*THE TASK:* For this exercise, output the entries below exactly from the line that holds "Night sky with" to the line that holds "Sep 19, 2015;", both ends included. No pictures belong in the copy.

*MATERIAL FOR THIS TASK:*
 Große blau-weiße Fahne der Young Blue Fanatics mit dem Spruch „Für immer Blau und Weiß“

* * *

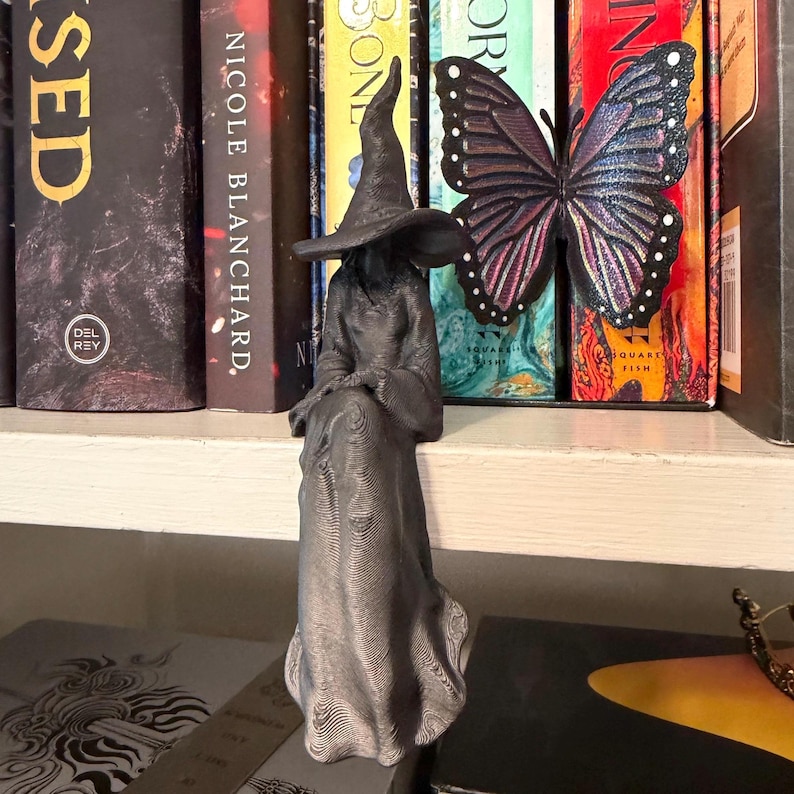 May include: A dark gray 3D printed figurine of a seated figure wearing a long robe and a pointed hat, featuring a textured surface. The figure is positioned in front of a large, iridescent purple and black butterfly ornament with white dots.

--

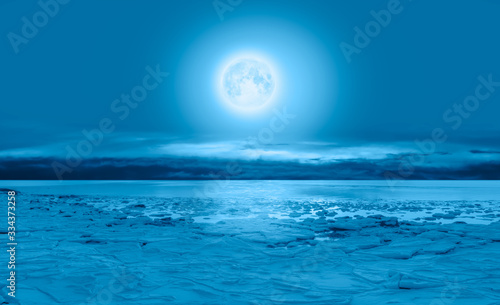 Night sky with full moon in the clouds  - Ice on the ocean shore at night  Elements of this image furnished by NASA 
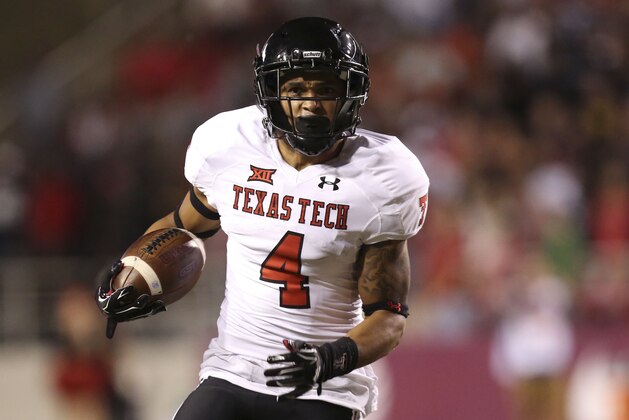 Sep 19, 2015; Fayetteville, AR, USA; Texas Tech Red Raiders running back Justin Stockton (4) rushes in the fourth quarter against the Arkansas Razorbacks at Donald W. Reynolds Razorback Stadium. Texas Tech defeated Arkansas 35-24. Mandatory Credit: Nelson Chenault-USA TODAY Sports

*SOLUTION:*
 Night sky with full moon in the clouds  - Ice on the ocean shore at night  Elements of this image furnished by NASA 
 Sep 19, 2015; Fayetteville, AR, USA; Texas Tech Red Raiders running back Justin Stockton (4) rushes in the fourth quarter against the Arkansas Razorbacks at Donald W. Reynolds Razorback Stadium. Texas Tech defeated Arkansas 35-24. Mandatory Credit: Nelson Chenault-USA TODAY Sports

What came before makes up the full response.